- El periodista Antonio Baños acaba de publicar La Rebelión catalana (eldiario.es Libros), un libro en el que retrata el proceso independentista “contra un régimen irreformable en el que las élites de perpetúan, con la Constitución y el rey a la cabeza”
La visita a las Cortes de delegados catalanes ha sido una de las estampas más costumbristas de la política española. Cada tanto, unos catalanes apuntan en un papel sus quejas y deseos y se van hacia Madrid con la esperanza de poder seducir y convencer a los españoles. Con el tiempo, la matraca catalana y el consecuente hartazgo español han entrado en un bucle secular.
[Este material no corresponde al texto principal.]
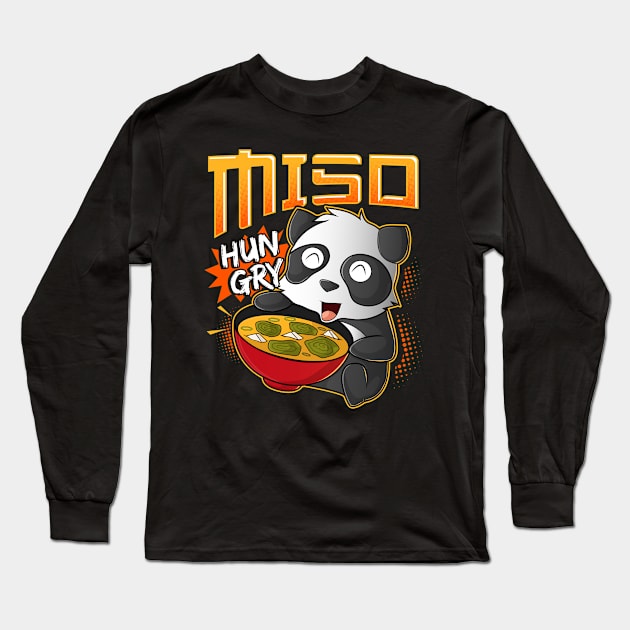 Miso Hungry Kawaii Panda Cute Anime Noodles Ramen Long Sleeve T-Shirt by theperfectpresents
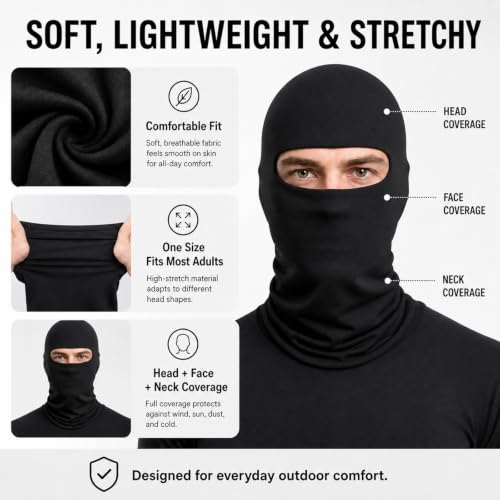 Image of 15 Pack black Ski Mask for Men Balaclava,Summer Cooling Neck Gaiter UV Protector Ski Scarf for Women Sports mask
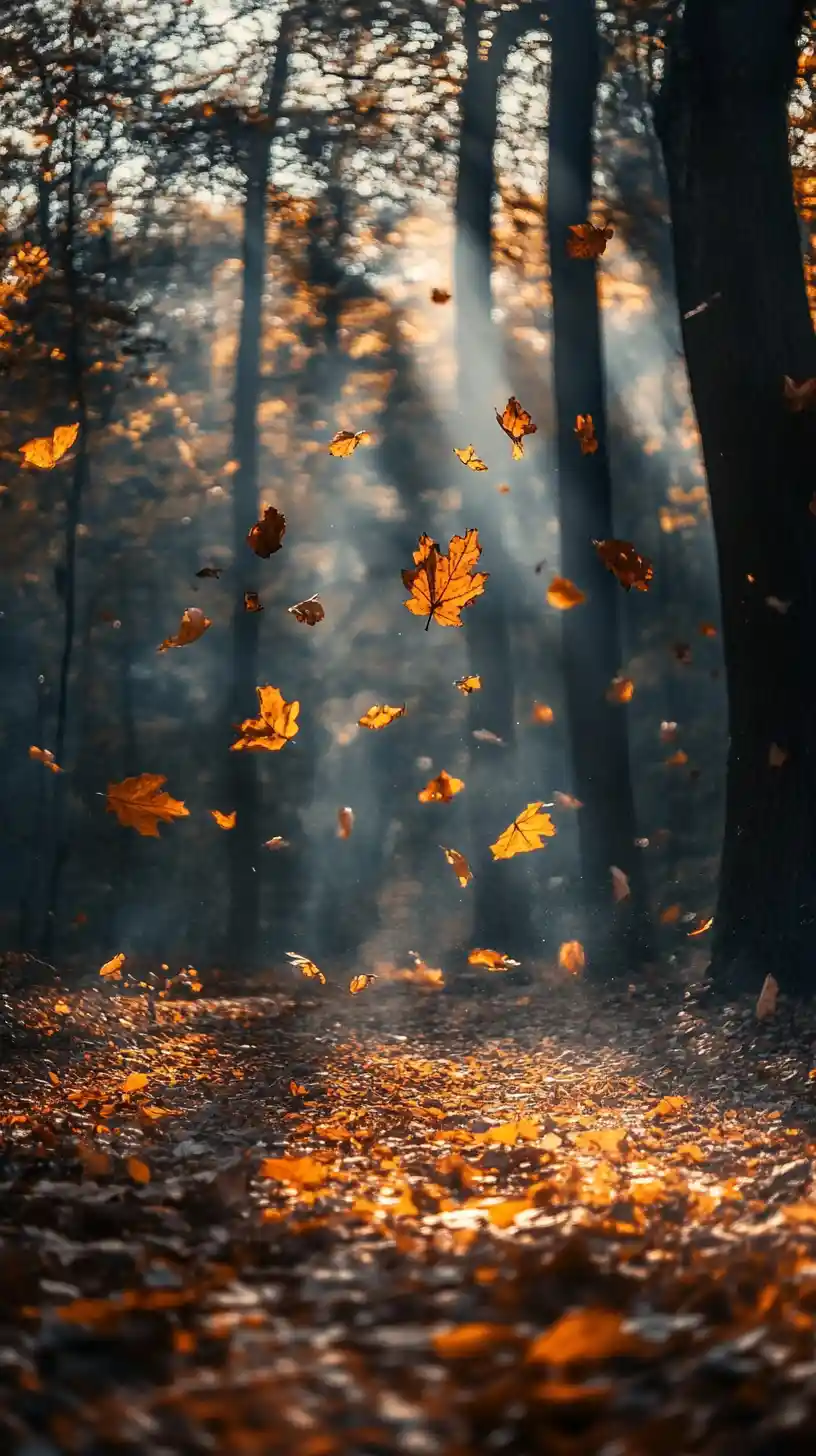Sunlit autumn forest with falling orange leaves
Porque si ustedes creen que esto de los catalanes yendo al Parlamento es culpa de las Autonomías, van ustedes muy errados.
La primera embajada a Madrid de estas de ir a pedir permiso data de 1640. Entonces se envió una comisión para pedir la libertad del diputado de la Generalitat Francesc de Tamarit, preso por el virrey. A la embajada ni siquiera se le dejó entrar a la cuidad y, meses después, Catalunya proclamaba la Primera República.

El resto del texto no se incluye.